### DATA ###
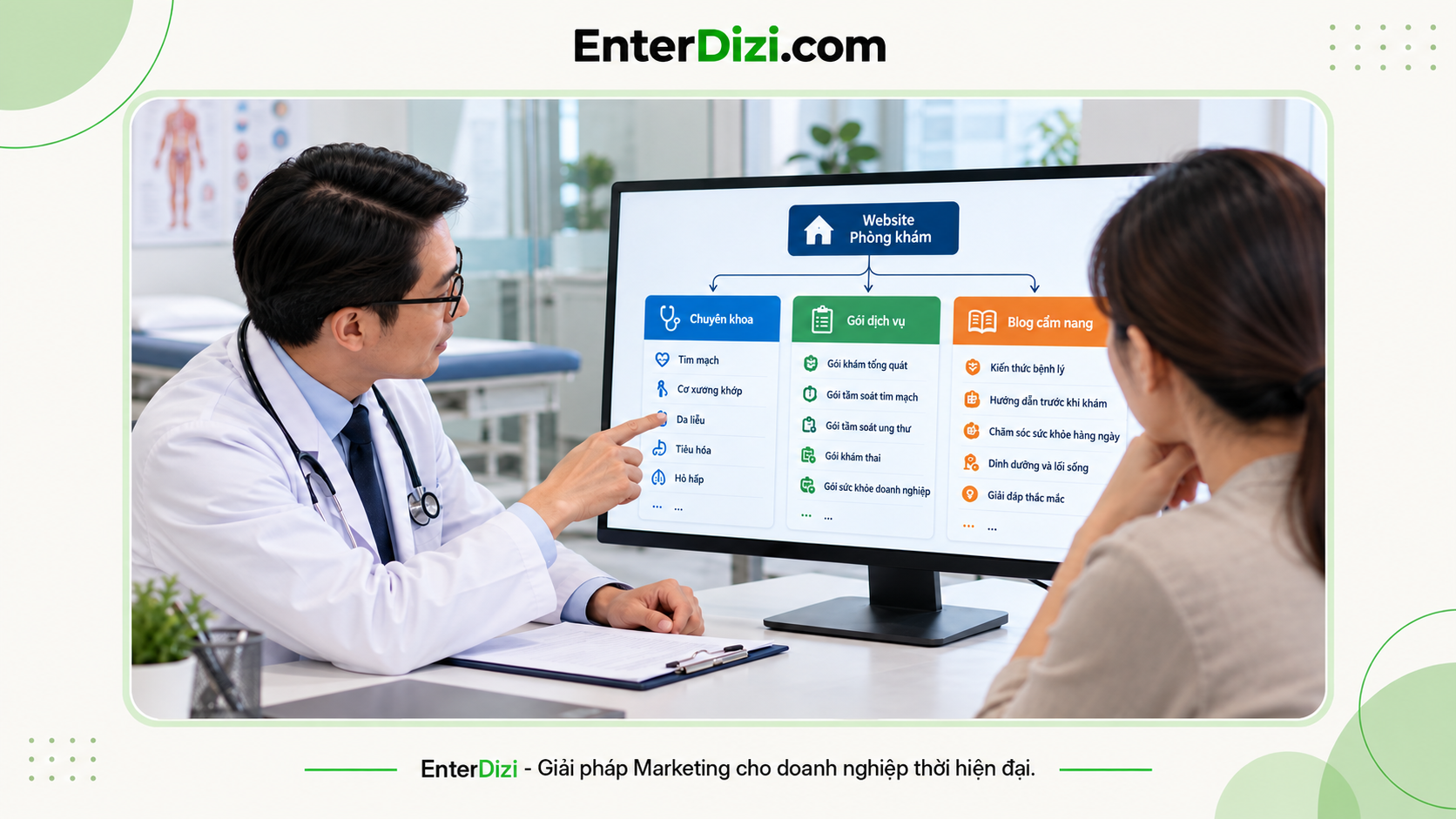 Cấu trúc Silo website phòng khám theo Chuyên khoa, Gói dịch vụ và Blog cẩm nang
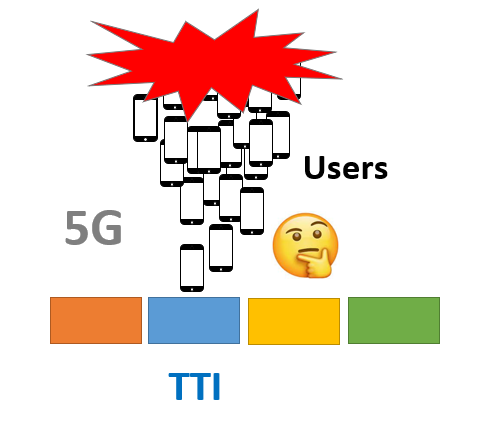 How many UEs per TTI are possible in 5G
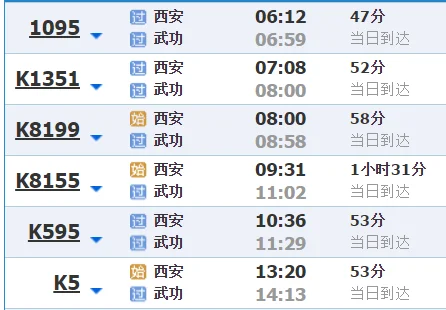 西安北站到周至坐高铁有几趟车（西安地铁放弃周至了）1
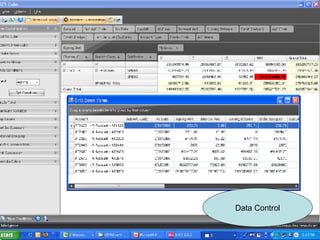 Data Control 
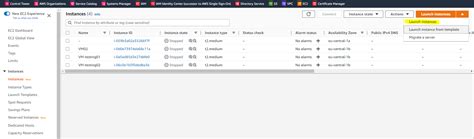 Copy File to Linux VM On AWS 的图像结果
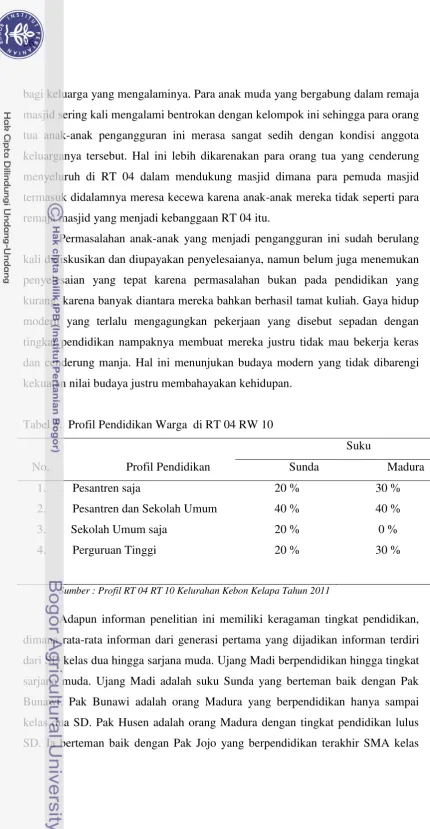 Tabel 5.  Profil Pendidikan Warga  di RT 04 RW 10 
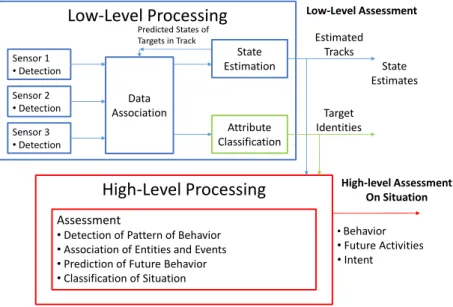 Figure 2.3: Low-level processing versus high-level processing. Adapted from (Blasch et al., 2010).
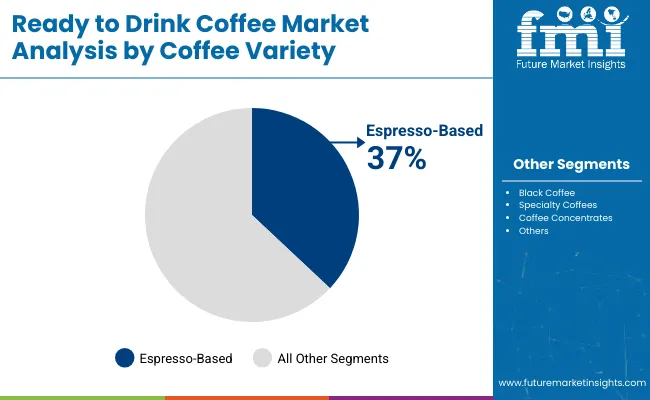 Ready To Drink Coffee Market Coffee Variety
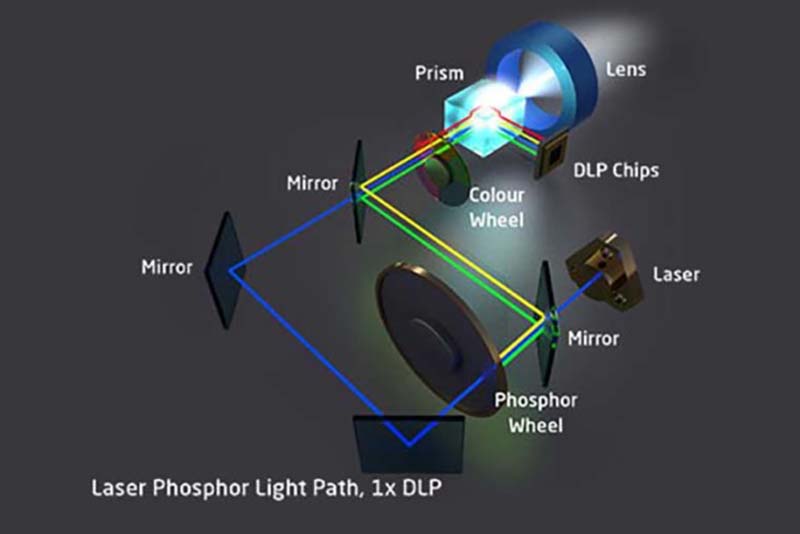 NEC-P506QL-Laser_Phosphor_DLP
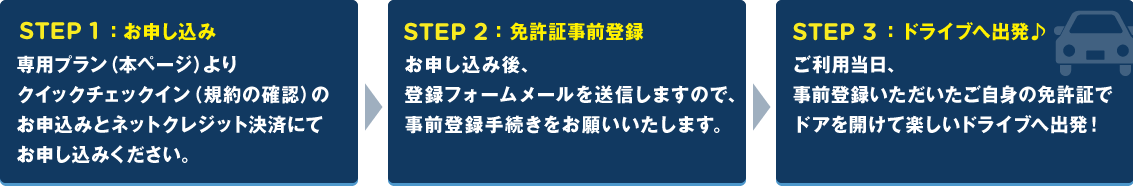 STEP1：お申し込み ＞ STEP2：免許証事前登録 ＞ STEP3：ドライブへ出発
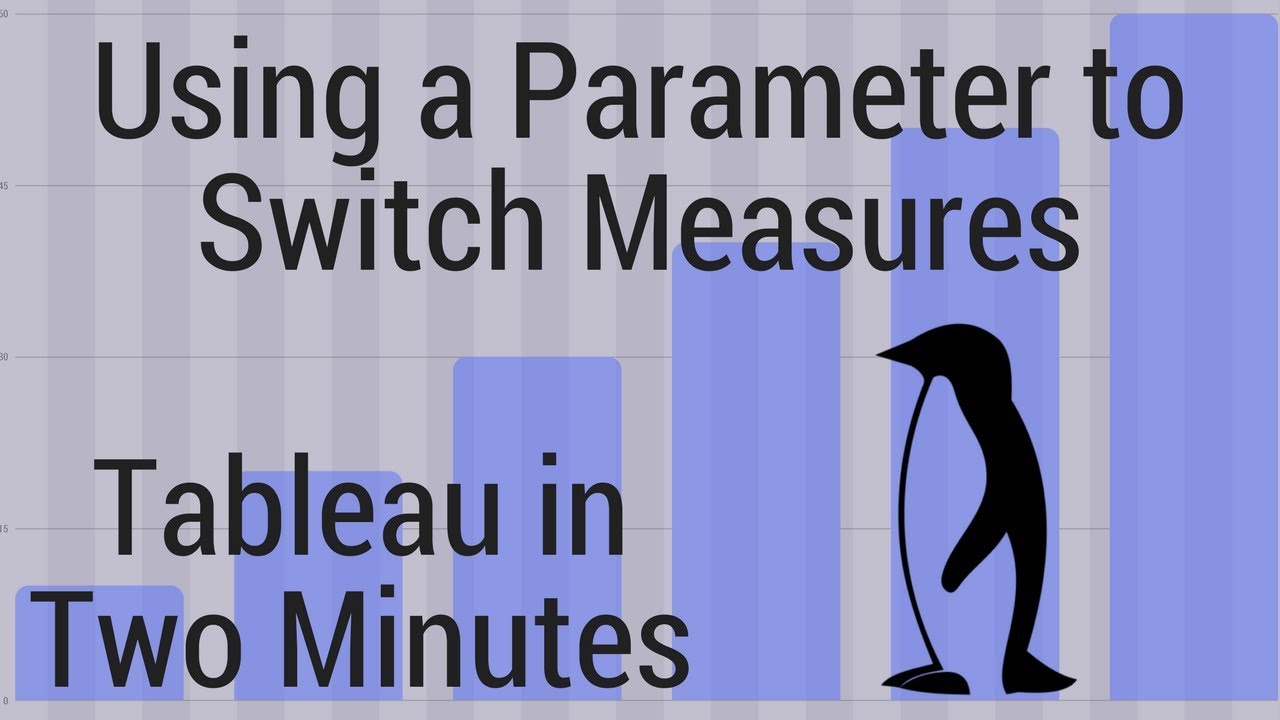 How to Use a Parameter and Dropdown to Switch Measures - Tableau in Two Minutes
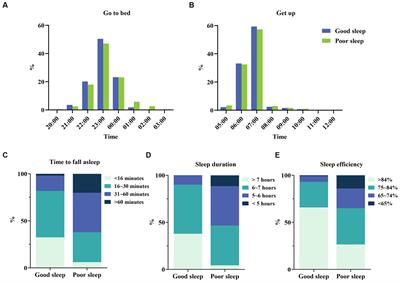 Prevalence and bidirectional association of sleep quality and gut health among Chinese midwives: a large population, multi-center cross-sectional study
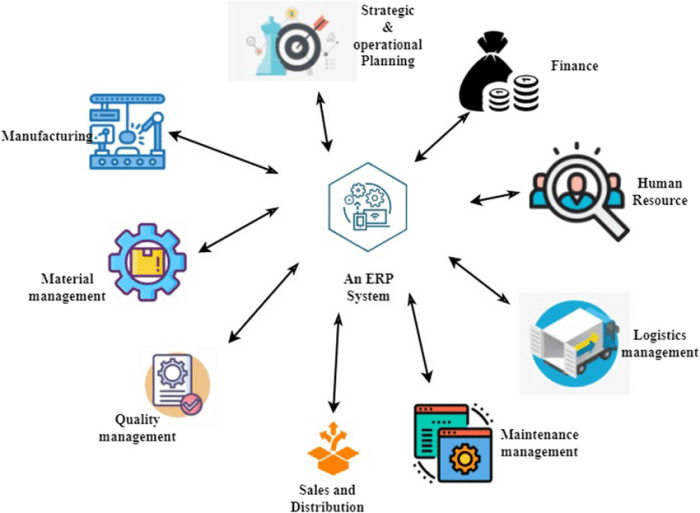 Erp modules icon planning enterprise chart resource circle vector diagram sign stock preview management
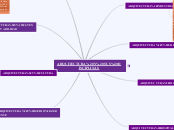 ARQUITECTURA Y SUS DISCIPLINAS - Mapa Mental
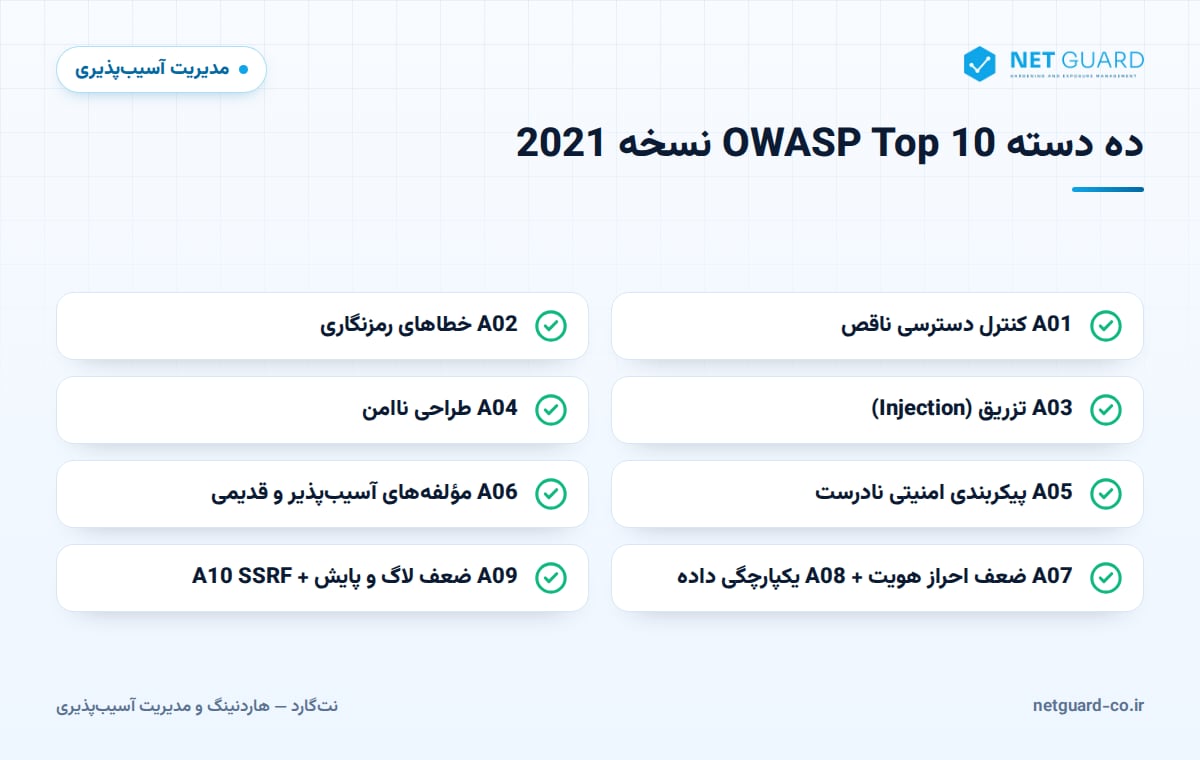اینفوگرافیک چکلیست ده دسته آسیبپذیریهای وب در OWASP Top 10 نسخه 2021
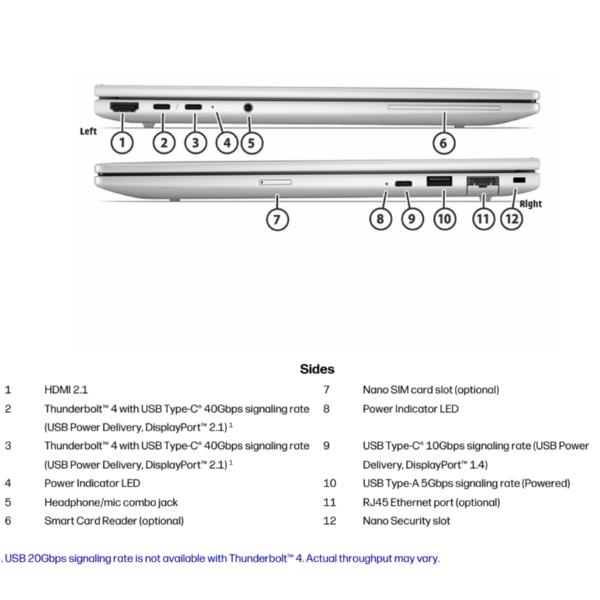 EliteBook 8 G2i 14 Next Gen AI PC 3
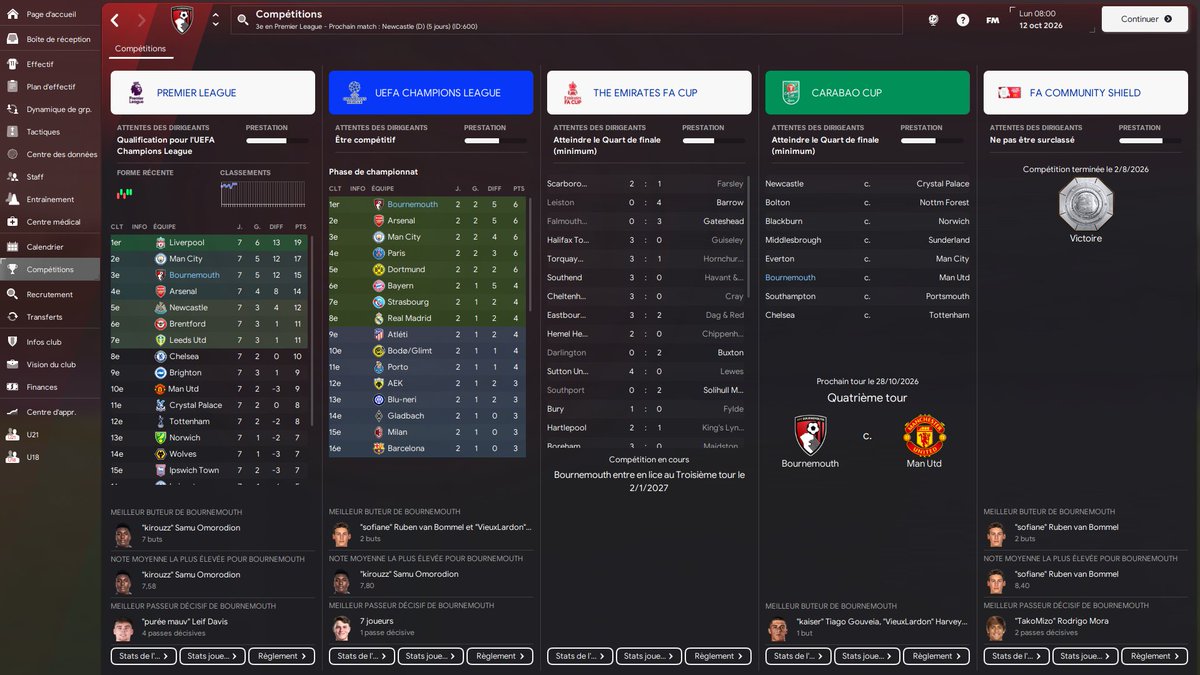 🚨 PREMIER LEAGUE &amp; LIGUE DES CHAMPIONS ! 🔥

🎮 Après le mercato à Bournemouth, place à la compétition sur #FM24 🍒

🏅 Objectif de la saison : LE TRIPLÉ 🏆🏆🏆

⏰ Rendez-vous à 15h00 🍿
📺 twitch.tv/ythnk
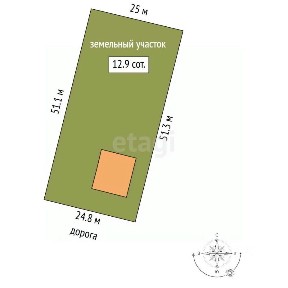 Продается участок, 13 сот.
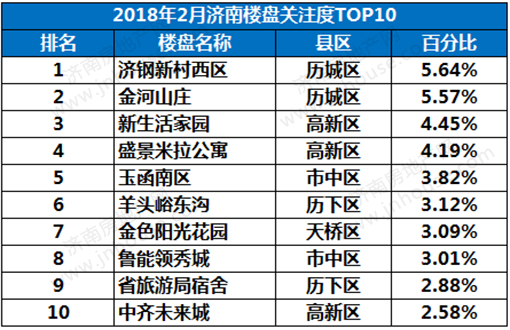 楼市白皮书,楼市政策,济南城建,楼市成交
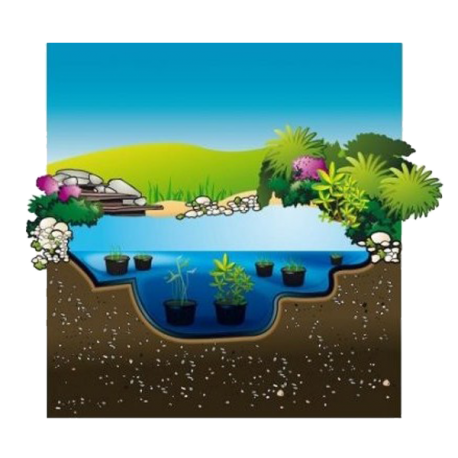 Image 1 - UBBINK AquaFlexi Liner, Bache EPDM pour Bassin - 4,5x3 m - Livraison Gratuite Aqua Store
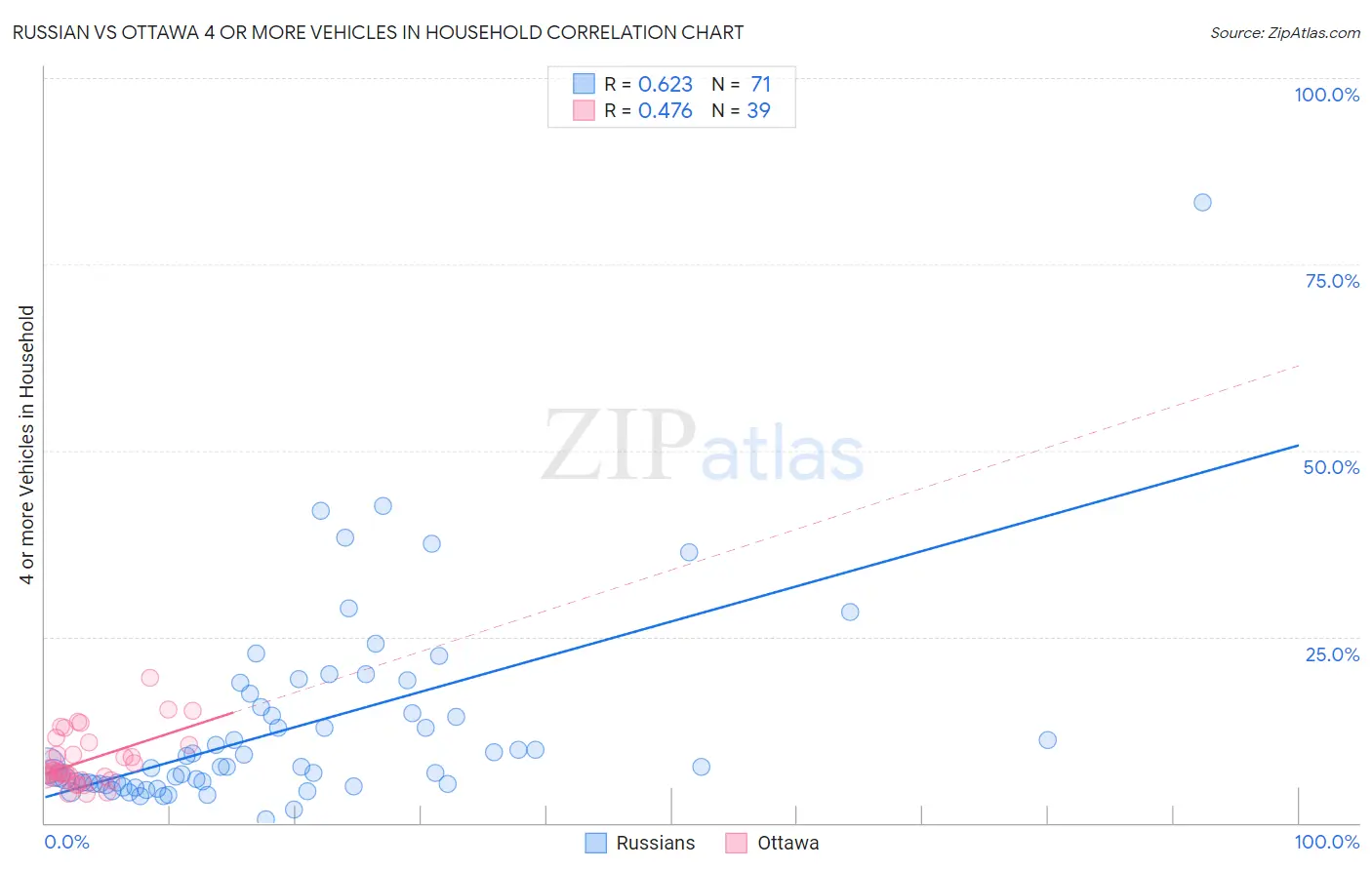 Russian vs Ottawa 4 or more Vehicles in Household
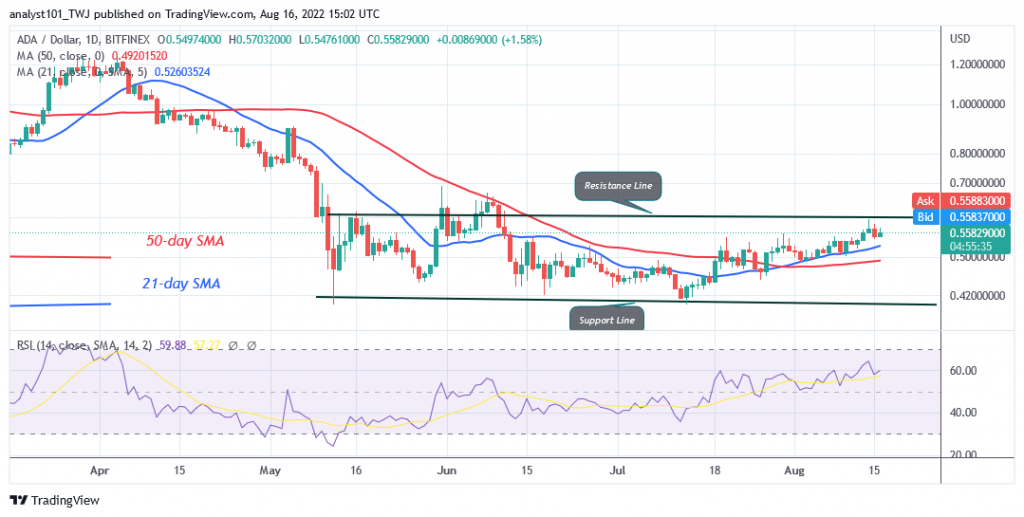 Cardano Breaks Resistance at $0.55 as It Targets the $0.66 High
###
Where the line containing "Продается участок, 13 сот." appears above, start there and set down each line exactly through the last line of the data; leave out every picture.

▶ YOUR RESPONSE:
 Продается участок, 13 сот.
 楼市白皮书,楼市政策,济南城建,楼市成交
 Image 1 - UBBINK AquaFlexi Liner, Bache EPDM pour Bassin - 4,5x3 m - Livraison Gratuite Aqua Store
 Russian vs Ottawa 4 or more Vehicles in Household
 Cardano Breaks Resistance at $0.55 as It Targets the $0.66 High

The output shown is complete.